## Brief
From the listing below, restate word for word the lines from the line containing "Click Use the" down through the line containing "Welcome to Fusion". Exclude pictures.

## Given records
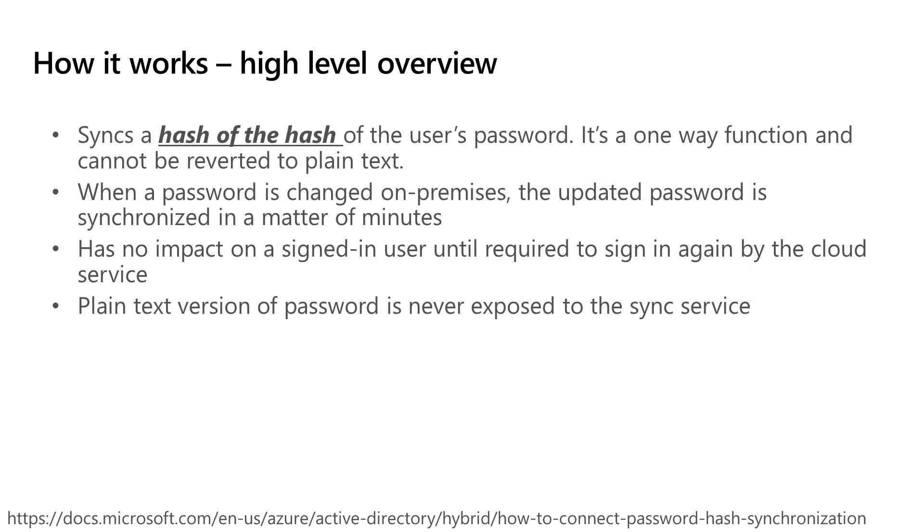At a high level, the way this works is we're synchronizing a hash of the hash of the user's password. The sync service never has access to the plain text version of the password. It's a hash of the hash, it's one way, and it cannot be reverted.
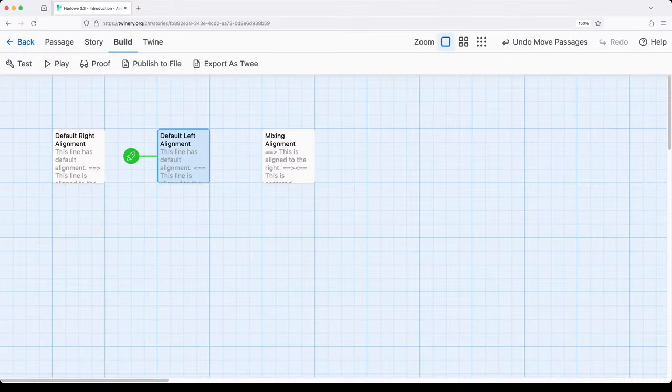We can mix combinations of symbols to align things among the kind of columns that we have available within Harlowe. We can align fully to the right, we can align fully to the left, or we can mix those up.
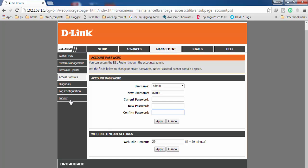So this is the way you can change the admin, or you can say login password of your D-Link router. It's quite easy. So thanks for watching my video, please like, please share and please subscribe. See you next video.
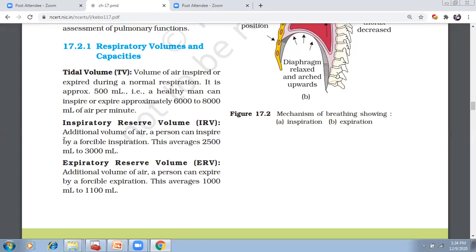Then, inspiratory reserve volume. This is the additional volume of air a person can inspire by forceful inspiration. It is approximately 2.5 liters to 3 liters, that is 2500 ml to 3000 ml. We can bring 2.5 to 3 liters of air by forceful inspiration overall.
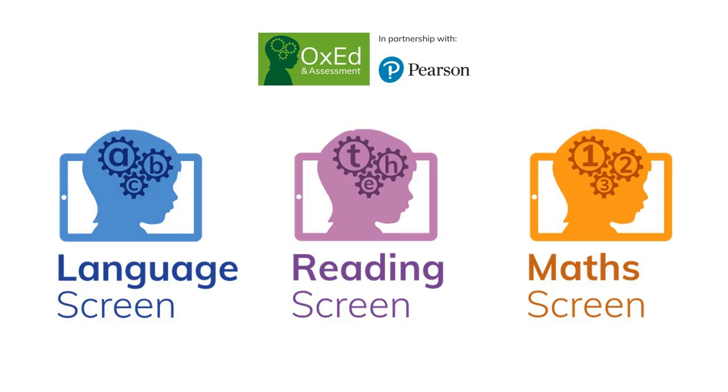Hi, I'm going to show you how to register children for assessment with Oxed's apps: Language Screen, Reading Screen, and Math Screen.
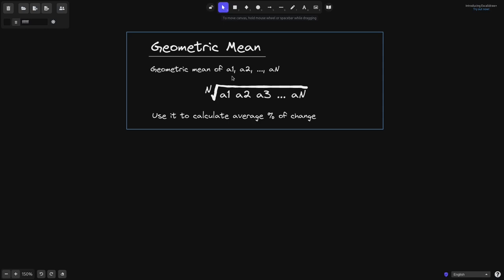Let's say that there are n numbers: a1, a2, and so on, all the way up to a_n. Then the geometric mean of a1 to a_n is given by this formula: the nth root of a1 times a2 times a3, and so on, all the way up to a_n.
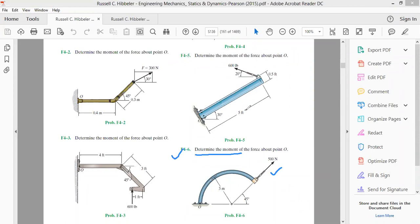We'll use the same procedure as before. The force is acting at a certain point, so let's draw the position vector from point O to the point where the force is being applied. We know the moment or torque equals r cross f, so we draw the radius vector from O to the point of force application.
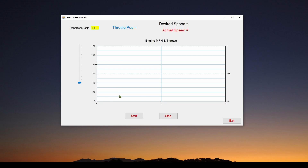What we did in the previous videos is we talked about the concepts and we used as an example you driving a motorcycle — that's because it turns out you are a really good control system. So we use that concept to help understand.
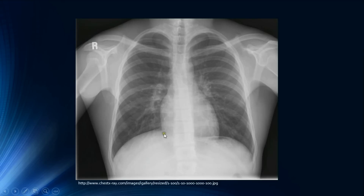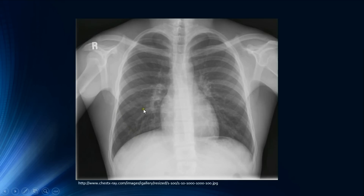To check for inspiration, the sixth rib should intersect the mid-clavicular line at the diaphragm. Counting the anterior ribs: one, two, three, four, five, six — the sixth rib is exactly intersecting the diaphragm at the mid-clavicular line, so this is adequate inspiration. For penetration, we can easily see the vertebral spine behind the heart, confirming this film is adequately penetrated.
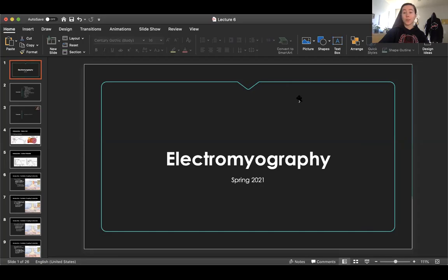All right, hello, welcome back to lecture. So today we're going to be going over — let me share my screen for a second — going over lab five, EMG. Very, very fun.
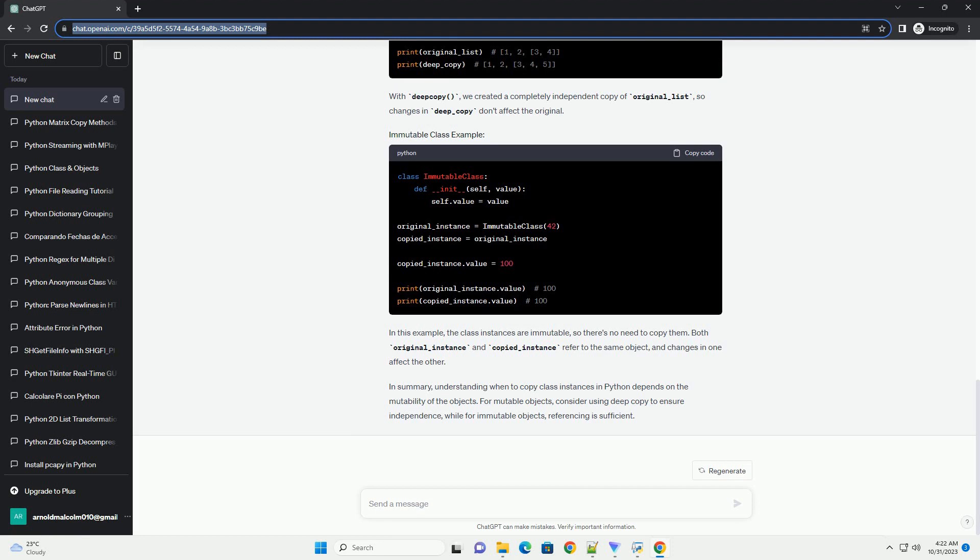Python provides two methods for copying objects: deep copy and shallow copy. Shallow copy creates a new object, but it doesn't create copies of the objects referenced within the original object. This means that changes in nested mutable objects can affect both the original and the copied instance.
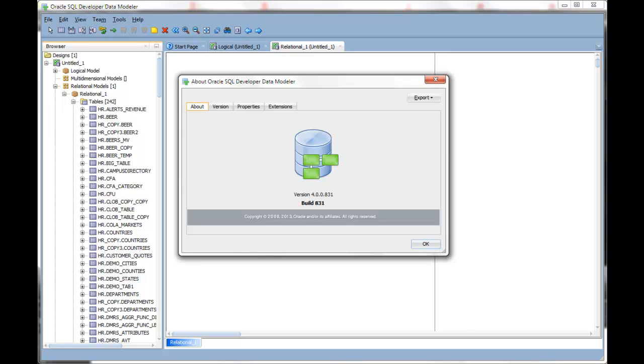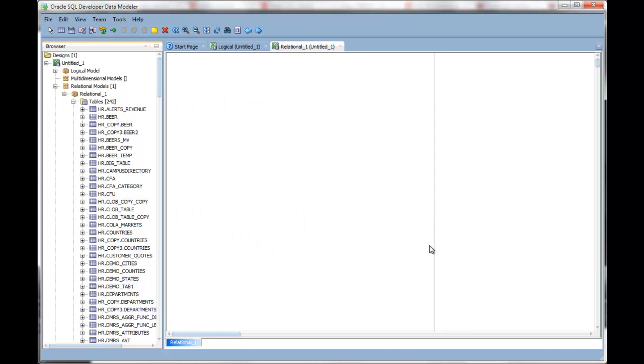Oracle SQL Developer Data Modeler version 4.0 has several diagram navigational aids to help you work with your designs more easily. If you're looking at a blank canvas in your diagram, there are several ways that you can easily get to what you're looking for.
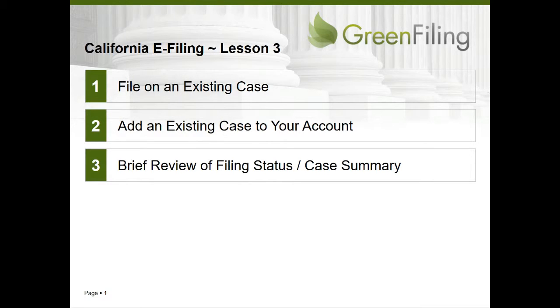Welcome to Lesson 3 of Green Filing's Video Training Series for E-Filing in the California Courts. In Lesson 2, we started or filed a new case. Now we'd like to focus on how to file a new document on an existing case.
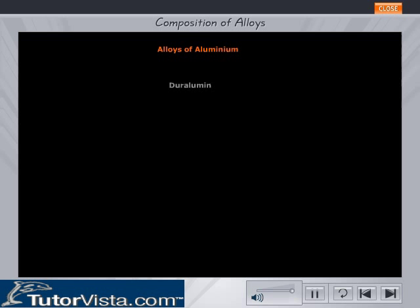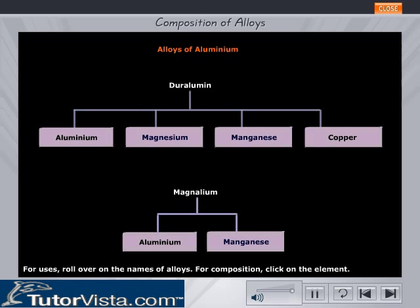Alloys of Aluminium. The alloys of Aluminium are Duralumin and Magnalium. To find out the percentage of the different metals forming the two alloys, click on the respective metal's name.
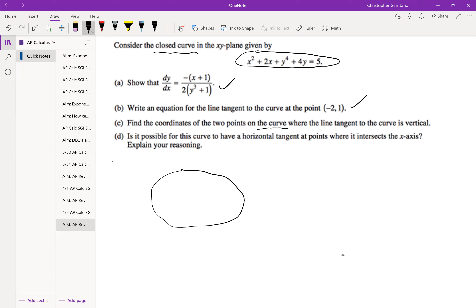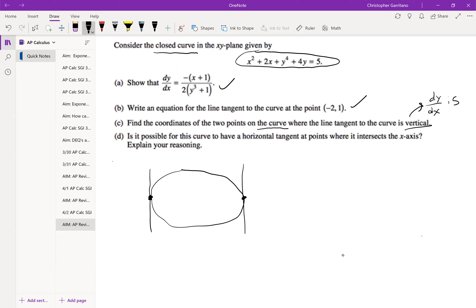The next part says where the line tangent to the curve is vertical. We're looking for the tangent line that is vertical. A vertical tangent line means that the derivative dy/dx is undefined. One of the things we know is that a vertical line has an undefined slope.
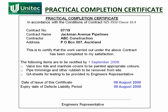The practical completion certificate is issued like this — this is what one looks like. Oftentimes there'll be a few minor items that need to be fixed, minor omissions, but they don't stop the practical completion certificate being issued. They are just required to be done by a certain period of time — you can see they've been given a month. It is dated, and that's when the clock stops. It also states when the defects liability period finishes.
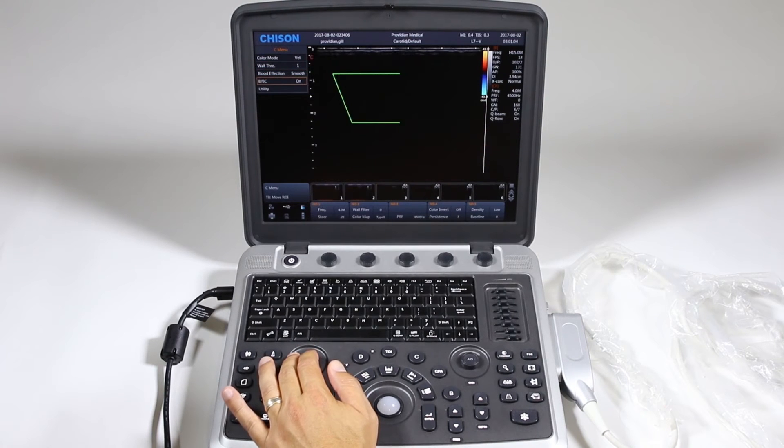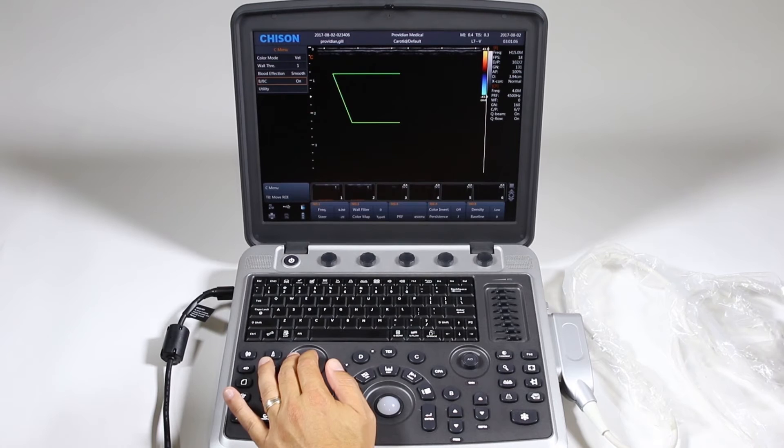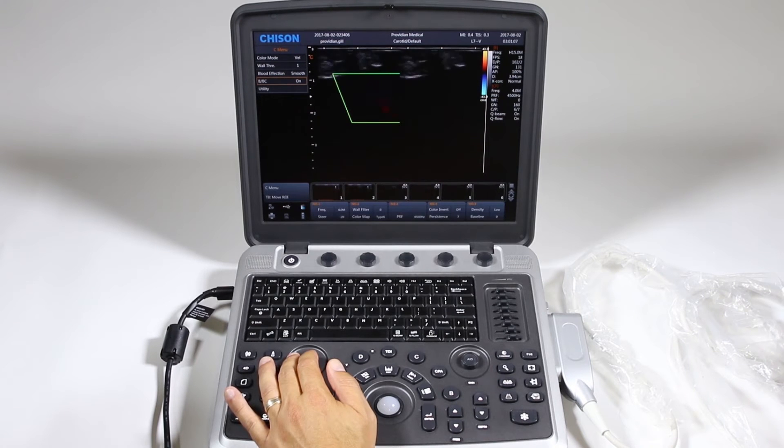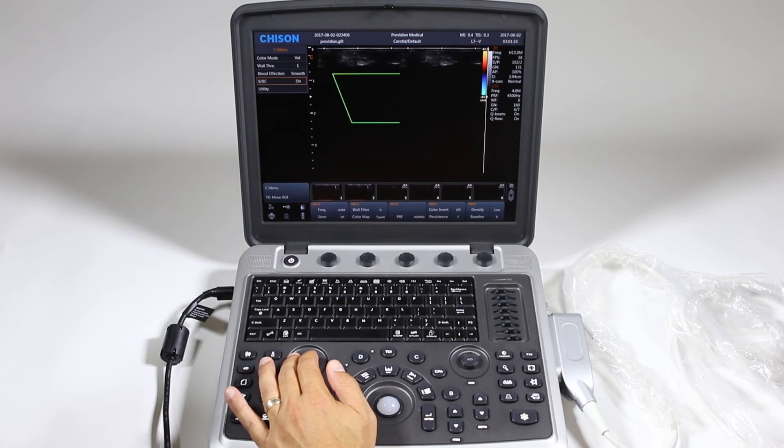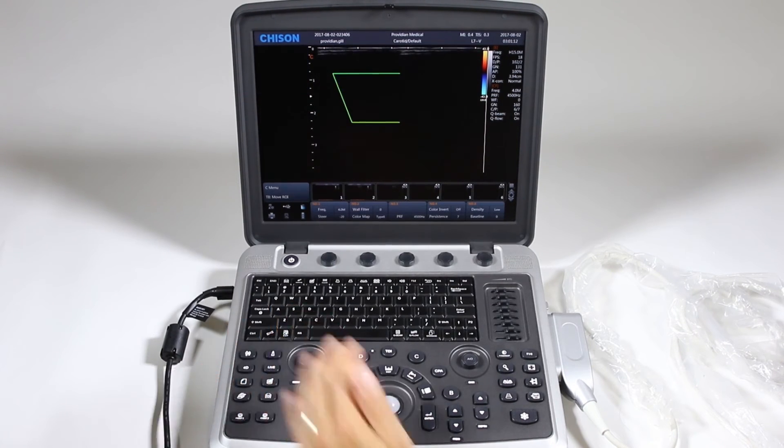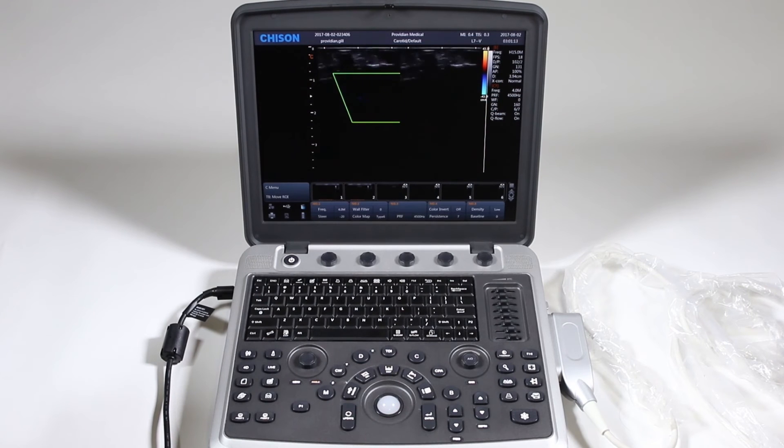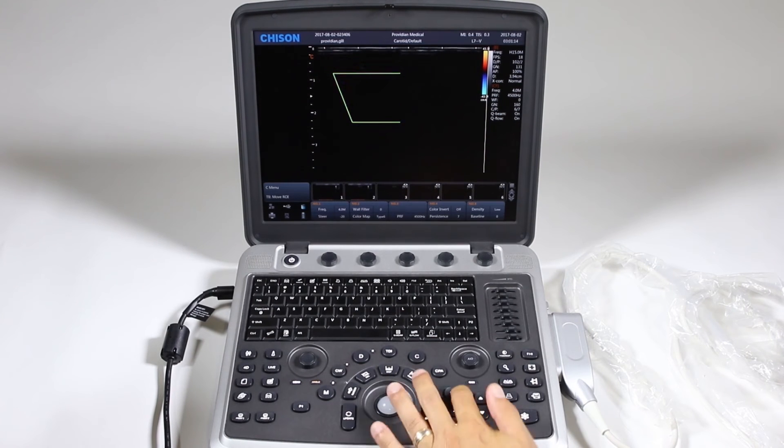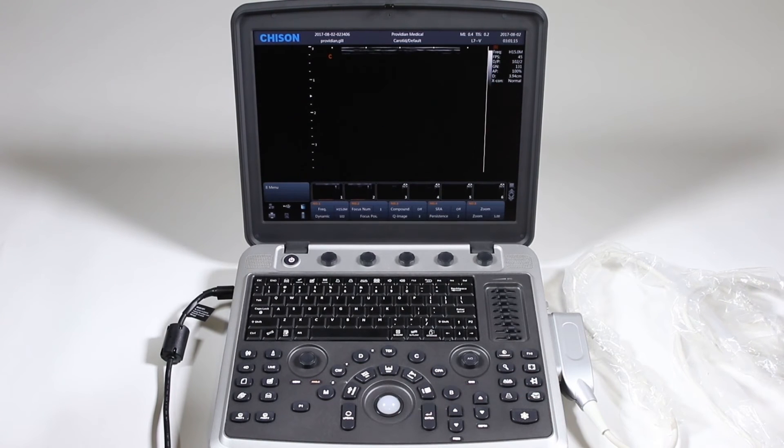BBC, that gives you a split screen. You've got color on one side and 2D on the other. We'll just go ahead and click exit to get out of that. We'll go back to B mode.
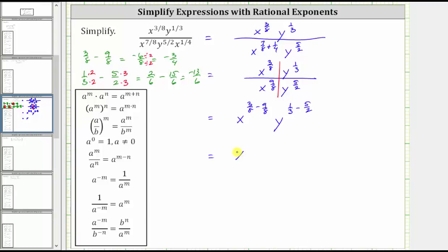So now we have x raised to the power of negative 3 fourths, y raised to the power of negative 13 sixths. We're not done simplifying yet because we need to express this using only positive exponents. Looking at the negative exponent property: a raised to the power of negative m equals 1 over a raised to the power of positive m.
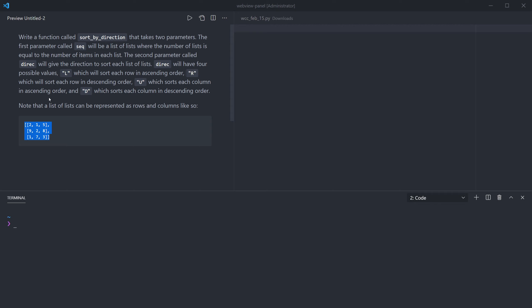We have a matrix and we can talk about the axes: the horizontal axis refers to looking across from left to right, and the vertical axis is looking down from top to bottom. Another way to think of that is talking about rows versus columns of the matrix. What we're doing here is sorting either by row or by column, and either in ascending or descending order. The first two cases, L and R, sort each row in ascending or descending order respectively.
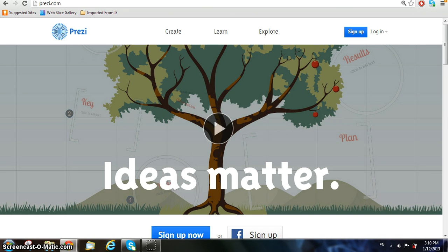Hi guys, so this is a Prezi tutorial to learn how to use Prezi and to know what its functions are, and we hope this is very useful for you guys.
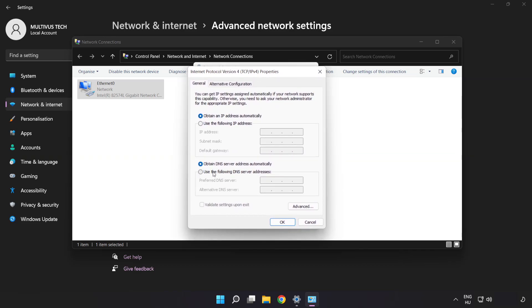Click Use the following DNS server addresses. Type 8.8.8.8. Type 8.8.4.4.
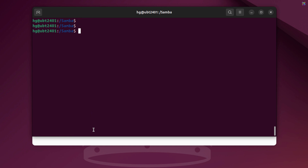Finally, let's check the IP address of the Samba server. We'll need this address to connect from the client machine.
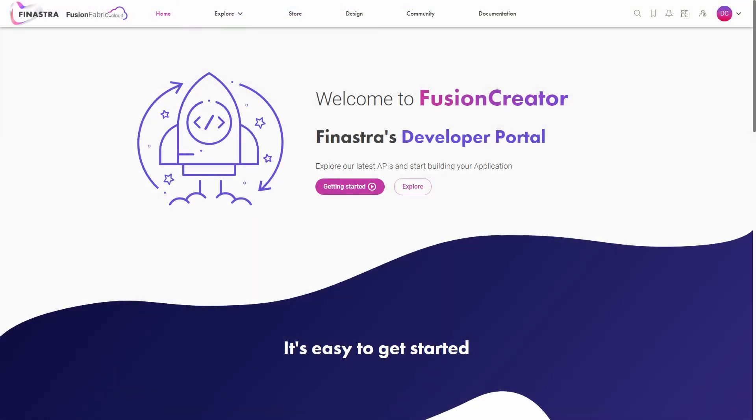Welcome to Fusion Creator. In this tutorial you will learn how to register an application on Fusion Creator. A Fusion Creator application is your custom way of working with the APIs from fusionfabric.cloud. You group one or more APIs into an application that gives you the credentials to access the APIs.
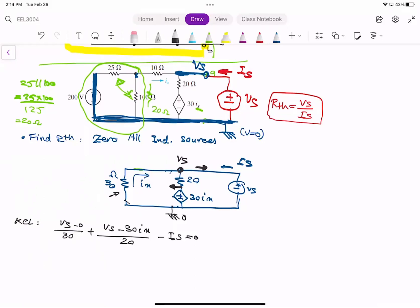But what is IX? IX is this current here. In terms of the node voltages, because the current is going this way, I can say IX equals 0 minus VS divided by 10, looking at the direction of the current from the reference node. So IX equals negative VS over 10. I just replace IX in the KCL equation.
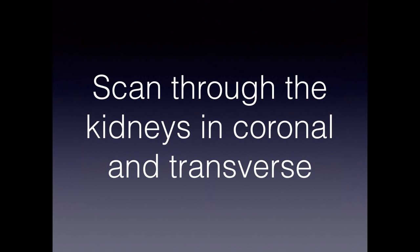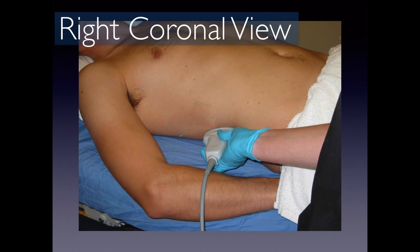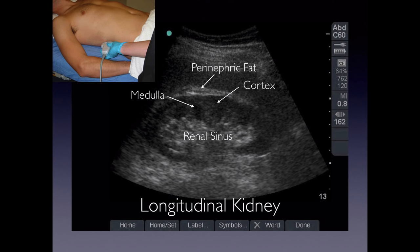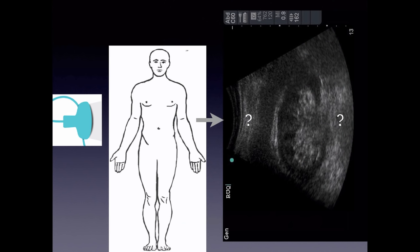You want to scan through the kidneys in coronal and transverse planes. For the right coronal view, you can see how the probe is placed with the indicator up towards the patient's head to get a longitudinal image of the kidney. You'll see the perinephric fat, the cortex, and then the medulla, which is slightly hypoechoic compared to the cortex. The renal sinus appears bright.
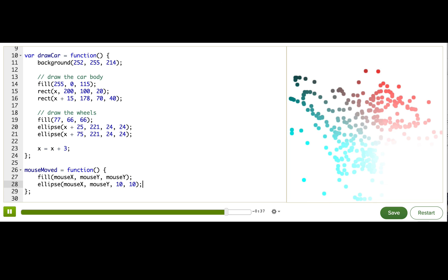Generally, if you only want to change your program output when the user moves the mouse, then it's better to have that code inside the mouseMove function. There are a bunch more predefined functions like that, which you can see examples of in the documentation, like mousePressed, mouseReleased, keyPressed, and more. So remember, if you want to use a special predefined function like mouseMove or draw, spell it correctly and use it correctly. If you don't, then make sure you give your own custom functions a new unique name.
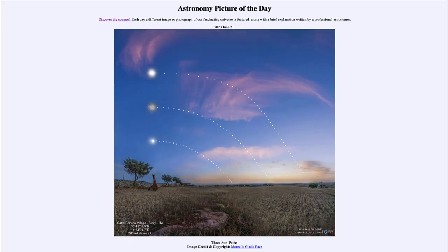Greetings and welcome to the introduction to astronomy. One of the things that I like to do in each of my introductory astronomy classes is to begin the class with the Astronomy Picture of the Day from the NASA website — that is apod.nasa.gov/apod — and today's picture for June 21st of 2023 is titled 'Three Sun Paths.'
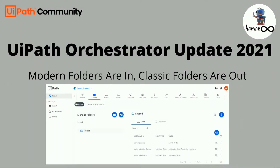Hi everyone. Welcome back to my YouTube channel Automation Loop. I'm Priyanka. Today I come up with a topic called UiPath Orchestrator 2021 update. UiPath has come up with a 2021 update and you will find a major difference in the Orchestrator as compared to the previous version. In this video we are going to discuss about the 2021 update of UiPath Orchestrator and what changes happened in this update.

## Result of this exercise
Click Use the following DNS server addresses. Type 8.8.8.8. Type 8.8.4.4.
Finally, let's check the IP address of the Samba server. We'll need this address to connect from the client machine.
Welcome to Fusion Creator. In this tutorial you will learn how to register an application on Fusion Creator. A Fusion Creator application is your custom way of working with the APIs from fusionfabric.cloud. You group one or more APIs into an application that gives you the credentials to access the APIs.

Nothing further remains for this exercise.